Apesar disso, A Tolice... procura, a todo transe, fazer crer que a “classe perdedora da universalização do capital por todo o globo –... não é a classe trabalhadora como pensava Marx...” mas a classe dos desclassificados, a ralé, os excluídos, obedecendo a uma lógica semelhante nos países centrais e nos periféricos. O problema, no caso, consiste em que não é possível encontrar nos escritos de Marx qualquer referência à classe trabalhadora como “perdedora”. Ao contrário, ao reconhecer que a “relação capital” é intrinsicamente formada por capitalistas e trabalhadores assalariados, Marx extraiu conclusões opostas às que A Tolice... sugere.

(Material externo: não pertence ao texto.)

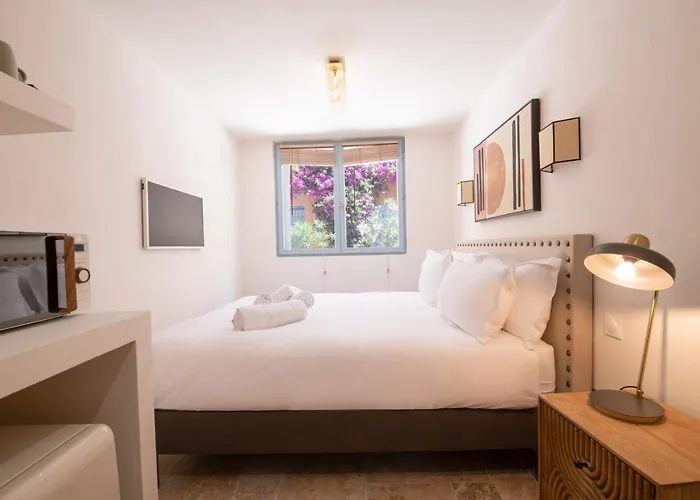 Pick A Flat\'S Apartments In Saint-Tropez - Rue Des Bouchonniers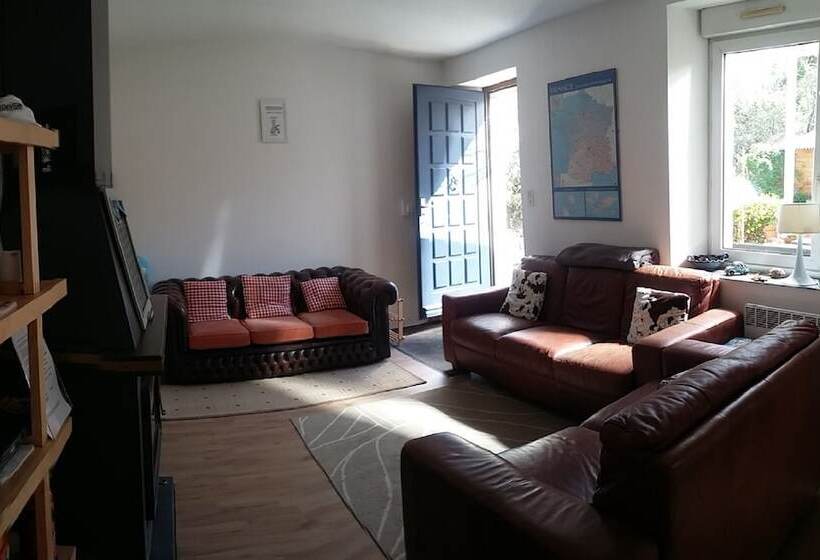 Sidsmums Travellers Retreat   Hostel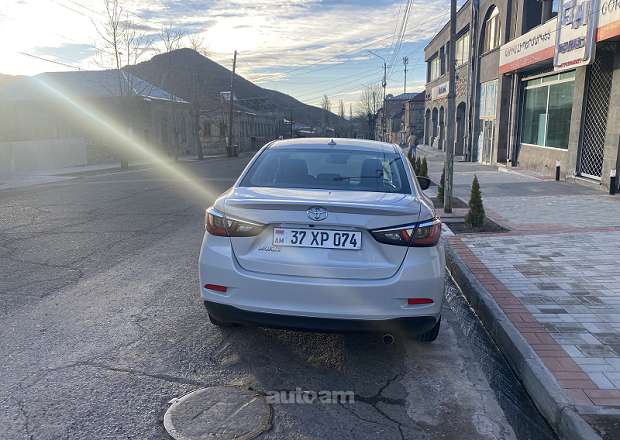 Toyota Yaris 2018 — լուսանկար 2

Os trabalhadores assalariados não vivem sem a existência dos capitalistas. E estes não conseguem manter-se sem aqueles, não tanto por serem necessários como produtores diretos, mas por constituírem o mercado de consumo das mercadorias produzidas pelo sistema. A crise do American Way of Life apresenta a brutal contradição de um altíssimo nível de desenvolvimento científico e tecnológico cavando um imenso fosso de trabalhadores qualificados sem emprego, aumentando a massa de pobreza e miséria que a população norte-americana desconhecia até poucos anos atrás.
Algo idêntico ocorre na Europa desenvolvida, desmentindo a suposição de A Tolice... segundo a qual os “países centrais e periféricos” obedecem a uma lógica semelhante, sendo a “ascensão social... uma prática em constante reafirmação, um jogo social”. Na verdade, tanto nos países centrais quanto na maior parte dos periféricos, a “lógica semelhante” vem sendo o “descenso social”, através do qual a classe trabalhadora vai se transformando em “classe desclassificada”, em “ralé”, em “excluída”. E colocando o sistema capitalista diante do absurdo civilizatório de possuir uma imensa capacidade produtiva e uma descomunal concentração de capitais, ao mesmo tempo em que dissemina a pobreza e a miséria por massas imensas de proprietários de força de trabalho.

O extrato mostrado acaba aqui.